Data supplied:
----------------
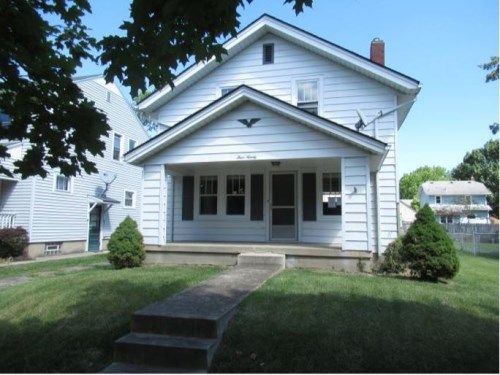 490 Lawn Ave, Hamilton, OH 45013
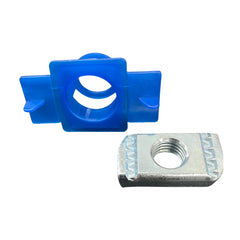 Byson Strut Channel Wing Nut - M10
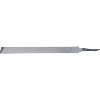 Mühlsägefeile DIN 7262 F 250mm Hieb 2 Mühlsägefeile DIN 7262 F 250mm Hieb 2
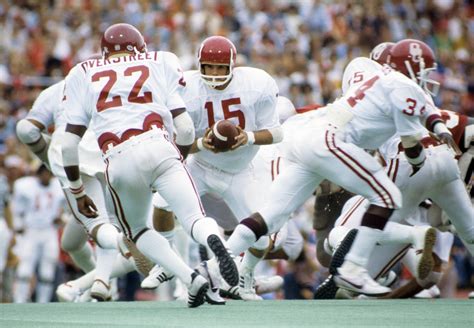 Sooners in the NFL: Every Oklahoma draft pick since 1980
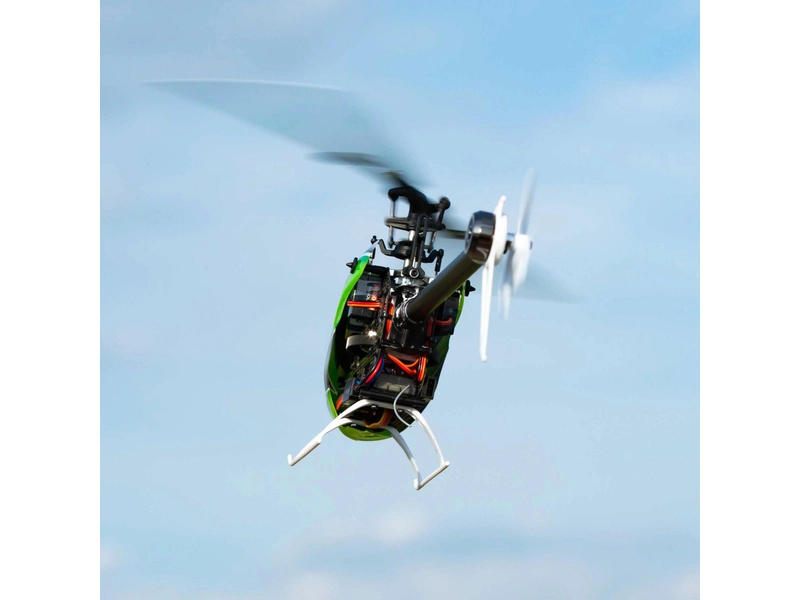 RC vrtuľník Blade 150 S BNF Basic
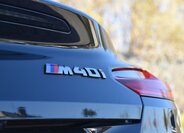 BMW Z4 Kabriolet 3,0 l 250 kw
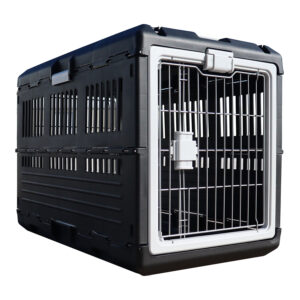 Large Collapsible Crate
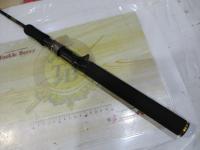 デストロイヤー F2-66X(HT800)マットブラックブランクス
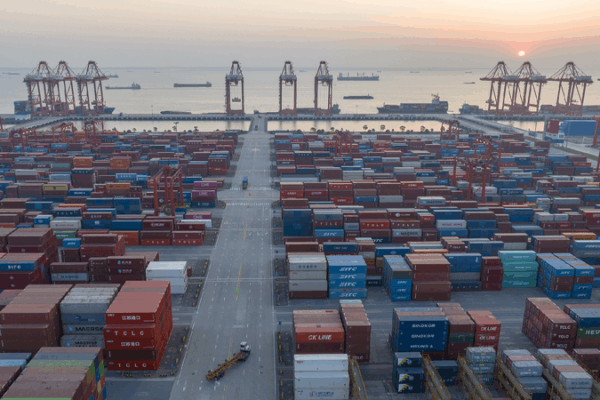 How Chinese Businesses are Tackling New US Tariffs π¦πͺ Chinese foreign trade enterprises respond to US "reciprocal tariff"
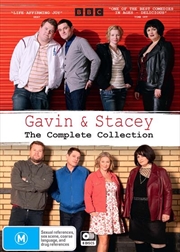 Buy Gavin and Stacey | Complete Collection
----------------
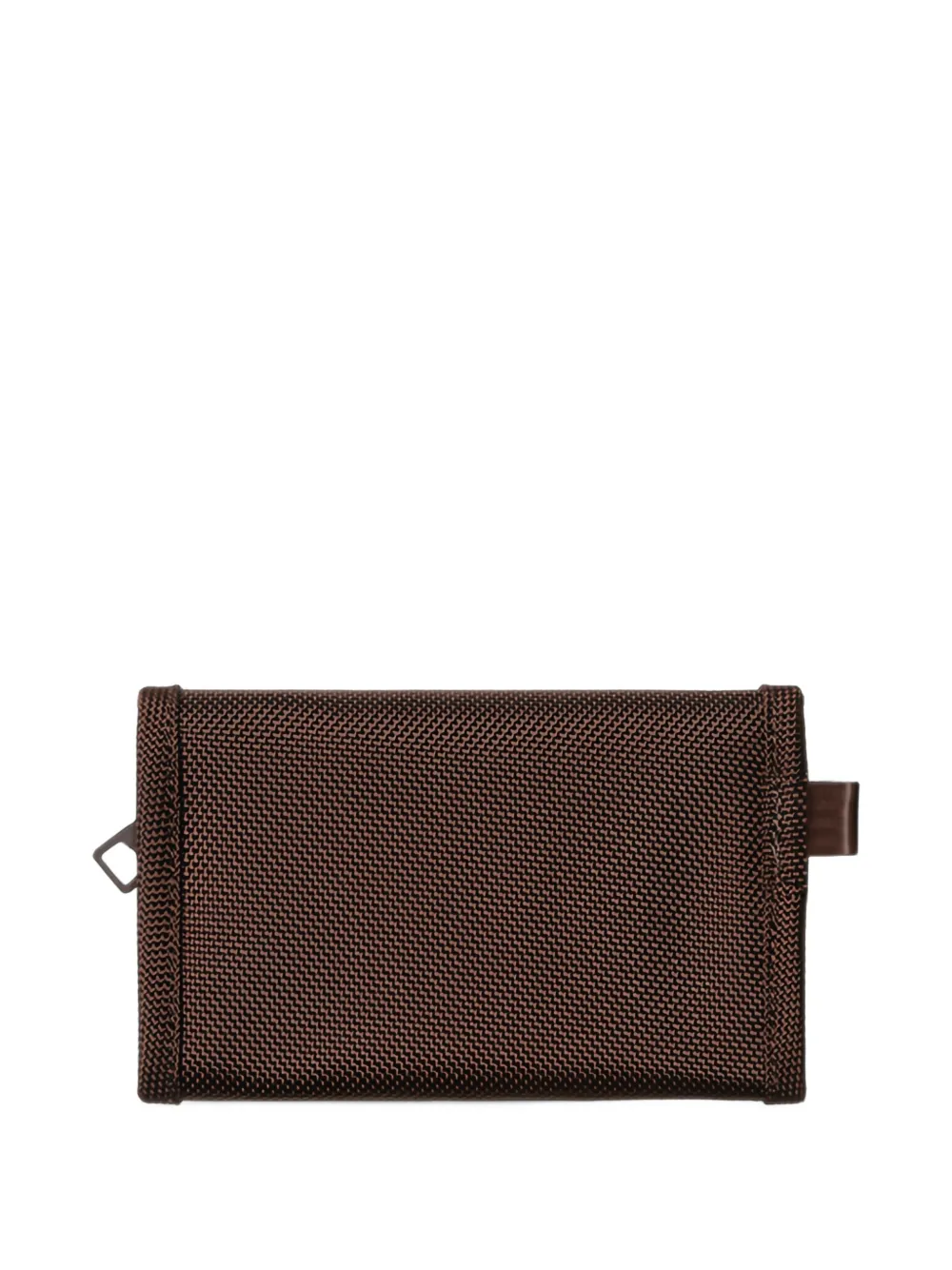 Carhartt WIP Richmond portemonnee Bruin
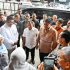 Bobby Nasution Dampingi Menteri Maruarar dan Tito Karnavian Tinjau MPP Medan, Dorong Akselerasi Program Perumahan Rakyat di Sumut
----------------
Directions for this task: The output is the stretch above from the line with "RC vrtuľník Blade 150 S BNF Basic" through the line with "Buy Gavin and Stacey | Complete Collection", copied word for word with both ends kept and every picture dropped.

Solution below:
 RC vrtuľník Blade 150 S BNF Basic
 BMW Z4 Kabriolet 3,0 l 250 kw
 Large Collapsible Crate
 デストロイヤー F2-66X(HT800)マットブラックブランクス
 How Chinese Businesses are Tackling New US Tariffs π¦πͺ Chinese foreign trade enterprises respond to US "reciprocal tariff"
 Buy Gavin and Stacey | Complete Collection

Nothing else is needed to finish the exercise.